#### EXTRACTED INFORMATION
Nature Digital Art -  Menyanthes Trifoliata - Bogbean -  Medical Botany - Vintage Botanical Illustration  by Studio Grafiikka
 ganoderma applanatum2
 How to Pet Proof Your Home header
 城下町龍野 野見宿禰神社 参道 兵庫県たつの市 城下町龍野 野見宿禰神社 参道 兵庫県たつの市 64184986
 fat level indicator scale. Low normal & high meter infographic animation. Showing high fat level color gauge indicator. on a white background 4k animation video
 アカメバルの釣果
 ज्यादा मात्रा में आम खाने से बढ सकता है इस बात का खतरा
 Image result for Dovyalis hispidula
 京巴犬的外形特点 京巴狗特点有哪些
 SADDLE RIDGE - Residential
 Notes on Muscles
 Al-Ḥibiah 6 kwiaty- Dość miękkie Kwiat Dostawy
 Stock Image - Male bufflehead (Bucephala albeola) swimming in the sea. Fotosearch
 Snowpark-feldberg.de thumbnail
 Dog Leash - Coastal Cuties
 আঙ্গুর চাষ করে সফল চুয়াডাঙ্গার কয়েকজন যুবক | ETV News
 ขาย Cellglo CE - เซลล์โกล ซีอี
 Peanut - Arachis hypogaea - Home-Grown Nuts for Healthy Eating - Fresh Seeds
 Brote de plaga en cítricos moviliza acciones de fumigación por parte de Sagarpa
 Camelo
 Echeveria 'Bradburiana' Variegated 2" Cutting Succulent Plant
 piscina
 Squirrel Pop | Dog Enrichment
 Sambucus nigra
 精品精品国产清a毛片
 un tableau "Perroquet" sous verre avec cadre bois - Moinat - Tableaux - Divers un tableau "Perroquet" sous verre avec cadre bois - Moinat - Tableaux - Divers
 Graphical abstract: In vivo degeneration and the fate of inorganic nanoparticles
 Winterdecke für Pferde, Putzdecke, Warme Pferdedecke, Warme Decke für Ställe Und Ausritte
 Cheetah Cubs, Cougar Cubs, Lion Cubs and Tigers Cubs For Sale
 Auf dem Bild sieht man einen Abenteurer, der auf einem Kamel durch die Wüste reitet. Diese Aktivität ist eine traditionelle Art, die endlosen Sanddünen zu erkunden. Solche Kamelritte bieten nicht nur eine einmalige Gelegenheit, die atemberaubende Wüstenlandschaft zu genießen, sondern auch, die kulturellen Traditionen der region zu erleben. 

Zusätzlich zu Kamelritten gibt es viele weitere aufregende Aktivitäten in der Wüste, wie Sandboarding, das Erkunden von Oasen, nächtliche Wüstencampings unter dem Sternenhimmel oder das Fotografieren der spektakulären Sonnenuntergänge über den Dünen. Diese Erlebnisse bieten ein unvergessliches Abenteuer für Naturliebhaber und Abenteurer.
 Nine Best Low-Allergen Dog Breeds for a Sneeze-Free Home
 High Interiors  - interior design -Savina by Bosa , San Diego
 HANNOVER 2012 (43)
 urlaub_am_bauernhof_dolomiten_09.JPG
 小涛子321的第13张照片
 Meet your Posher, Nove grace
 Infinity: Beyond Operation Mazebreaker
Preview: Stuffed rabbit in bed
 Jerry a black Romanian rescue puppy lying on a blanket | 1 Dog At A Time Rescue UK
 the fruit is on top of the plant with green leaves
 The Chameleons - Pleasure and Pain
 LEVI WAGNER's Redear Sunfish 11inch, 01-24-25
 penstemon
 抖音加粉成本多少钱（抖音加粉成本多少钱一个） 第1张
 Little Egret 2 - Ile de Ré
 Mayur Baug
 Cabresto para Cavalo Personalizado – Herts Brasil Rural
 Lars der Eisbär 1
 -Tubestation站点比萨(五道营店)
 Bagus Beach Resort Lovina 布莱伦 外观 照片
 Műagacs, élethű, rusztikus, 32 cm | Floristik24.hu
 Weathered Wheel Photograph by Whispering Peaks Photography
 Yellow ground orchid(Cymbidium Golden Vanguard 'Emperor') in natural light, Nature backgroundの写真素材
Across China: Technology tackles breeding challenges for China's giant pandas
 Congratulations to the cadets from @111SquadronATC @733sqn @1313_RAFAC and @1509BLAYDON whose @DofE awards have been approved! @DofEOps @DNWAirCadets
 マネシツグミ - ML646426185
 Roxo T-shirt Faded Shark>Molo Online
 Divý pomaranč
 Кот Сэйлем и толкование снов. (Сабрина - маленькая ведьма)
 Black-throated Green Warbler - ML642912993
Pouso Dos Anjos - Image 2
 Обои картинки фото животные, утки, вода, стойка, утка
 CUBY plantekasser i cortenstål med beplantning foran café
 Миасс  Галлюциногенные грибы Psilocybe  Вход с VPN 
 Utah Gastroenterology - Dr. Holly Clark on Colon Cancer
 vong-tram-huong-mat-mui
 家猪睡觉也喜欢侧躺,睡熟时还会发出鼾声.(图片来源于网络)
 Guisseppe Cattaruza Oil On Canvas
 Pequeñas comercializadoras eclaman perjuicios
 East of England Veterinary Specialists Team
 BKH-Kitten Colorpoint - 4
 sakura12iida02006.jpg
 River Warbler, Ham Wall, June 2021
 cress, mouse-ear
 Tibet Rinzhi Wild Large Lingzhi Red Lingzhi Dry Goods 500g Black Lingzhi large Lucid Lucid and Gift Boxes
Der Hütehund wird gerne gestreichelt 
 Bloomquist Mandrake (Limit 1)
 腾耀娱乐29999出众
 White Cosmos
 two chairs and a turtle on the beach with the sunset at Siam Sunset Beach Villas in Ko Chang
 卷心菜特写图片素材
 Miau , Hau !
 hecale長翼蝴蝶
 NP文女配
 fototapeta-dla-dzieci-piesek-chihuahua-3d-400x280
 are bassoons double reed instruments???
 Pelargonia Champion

#### TASK OBJECTIVE
Write the data back out verbatim.

#### RESPONSE TO THE TASK
Nature Digital Art -  Menyanthes Trifoliata - Bogbean -  Medical Botany - Vintage Botanical Illustration  by Studio Grafiikka
 ganoderma applanatum2
 How to Pet Proof Your Home header
 城下町龍野 野見宿禰神社 参道 兵庫県たつの市 城下町龍野 野見宿禰神社 参道 兵庫県たつの市 64184986
 fat level indicator scale. Low normal & high meter infographic animation. Showing high fat level color gauge indicator. on a white background 4k animation video
 アカメバルの釣果
 ज्यादा मात्रा में आम खाने से बढ सकता है इस बात का खतरा
 Image result for Dovyalis hispidula
 京巴犬的外形特点 京巴狗特点有哪些
 SADDLE RIDGE - Residential
 Notes on Muscles
 Al-Ḥibiah 6 kwiaty- Dość miękkie Kwiat Dostawy
 Stock Image - Male bufflehead (Bucephala albeola) swimming in the sea. Fotosearch
 Snowpark-feldberg.de thumbnail
 Dog Leash - Coastal Cuties
 আঙ্গুর চাষ করে সফল চুয়াডাঙ্গার কয়েকজন যুবক | ETV News
 ขาย Cellglo CE - เซลล์โกล ซีอี
 Peanut - Arachis hypogaea - Home-Grown Nuts for Healthy Eating - Fresh Seeds
 Brote de plaga en cítricos moviliza acciones de fumigación por parte de Sagarpa
 Camelo
 Echeveria 'Bradburiana' Variegated 2" Cutting Succulent Plant
 piscina
 Squirrel Pop | Dog Enrichment
 Sambucus nigra
 精品精品国产清a毛片
 un tableau "Perroquet" sous verre avec cadre bois - Moinat - Tableaux - Divers un tableau "Perroquet" sous verre avec cadre bois - Moinat - Tableaux - Divers
 Graphical abstract: In vivo degeneration and the fate of inorganic nanoparticles
 Winterdecke für Pferde, Putzdecke, Warme Pferdedecke, Warme Decke für Ställe Und Ausritte
 Cheetah Cubs, Cougar Cubs, Lion Cubs and Tigers Cubs For Sale
 Auf dem Bild sieht man einen Abenteurer, der auf einem Kamel durch die Wüste reitet. Diese Aktivität ist eine traditionelle Art, die endlosen Sanddünen zu erkunden. Solche Kamelritte bieten nicht nur eine einmalige Gelegenheit, die atemberaubende Wüstenlandschaft zu genießen, sondern auch, die kulturellen Traditionen der region zu erleben. 

Zusätzlich zu Kamelritten gibt es viele weitere aufregende Aktivitäten in der Wüste, wie Sandboarding, das Erkunden von Oasen, nächtliche Wüstencampings unter dem Sternenhimmel oder das Fotografieren der spektakulären Sonnenuntergänge über den Dünen. Diese Erlebnisse bieten ein unvergessliches Abenteuer für Naturliebhaber und Abenteurer.
 Nine Best Low-Allergen Dog Breeds for a Sneeze-Free Home
 High Interiors  - interior design -Savina by Bosa , San Diego
 HANNOVER 2012 (43)
 urlaub_am_bauernhof_dolomiten_09.JPG
 小涛子321的第13张照片
 Meet your Posher, Nove grace
 Infinity: Beyond Operation Mazebreaker
Preview: Stuffed rabbit in bed
 Jerry a black Romanian rescue puppy lying on a blanket | 1 Dog At A Time Rescue UK
 the fruit is on top of the plant with green leaves
 The Chameleons - Pleasure and Pain
 LEVI WAGNER's Redear Sunfish 11inch, 01-24-25
 penstemon
 抖音加粉成本多少钱（抖音加粉成本多少钱一个） 第1张
 Little Egret 2 - Ile de Ré
 Mayur Baug
 Cabresto para Cavalo Personalizado – Herts Brasil Rural
 Lars der Eisbär 1
 -Tubestation站点比萨(五道营店)
 Bagus Beach Resort Lovina 布莱伦 外观 照片
 Műagacs, élethű, rusztikus, 32 cm | Floristik24.hu
 Weathered Wheel Photograph by Whispering Peaks Photography
 Yellow ground orchid(Cymbidium Golden Vanguard 'Emperor') in natural light, Nature backgroundの写真素材
Across China: Technology tackles breeding challenges for China's giant pandas
 Congratulations to the cadets from @111SquadronATC @733sqn @1313_RAFAC and @1509BLAYDON whose @DofE awards have been approved! @DofEOps @DNWAirCadets
 マネシツグミ - ML646426185
 Roxo T-shirt Faded Shark>Molo Online
 Divý pomaranč
 Кот Сэйлем и толкование снов. (Сабрина - маленькая ведьма)
 Black-throated Green Warbler - ML642912993
Pouso Dos Anjos - Image 2
 Обои картинки фото животные, утки, вода, стойка, утка
 CUBY plantekasser i cortenstål med beplantning foran café
 Миасс  Галлюциногенные грибы Psilocybe  Вход с VPN 
 Utah Gastroenterology - Dr. Holly Clark on Colon Cancer
 vong-tram-huong-mat-mui
 家猪睡觉也喜欢侧躺,睡熟时还会发出鼾声.(图片来源于网络)
 Guisseppe Cattaruza Oil On Canvas
 Pequeñas comercializadoras eclaman perjuicios
 East of England Veterinary Specialists Team
 BKH-Kitten Colorpoint - 4
 sakura12iida02006.jpg
 River Warbler, Ham Wall, June 2021
 cress, mouse-ear
 Tibet Rinzhi Wild Large Lingzhi Red Lingzhi Dry Goods 500g Black Lingzhi large Lucid Lucid and Gift Boxes
Der Hütehund wird gerne gestreichelt 
 Bloomquist Mandrake (Limit 1)
 腾耀娱乐29999出众
 White Cosmos
 two chairs and a turtle on the beach with the sunset at Siam Sunset Beach Villas in Ko Chang
 卷心菜特写图片素材
 Miau , Hau !
 hecale長翼蝴蝶
 NP文女配
 fototapeta-dla-dzieci-piesek-chihuahua-3d-400x280
 are bassoons double reed instruments???
 Pelargonia Champion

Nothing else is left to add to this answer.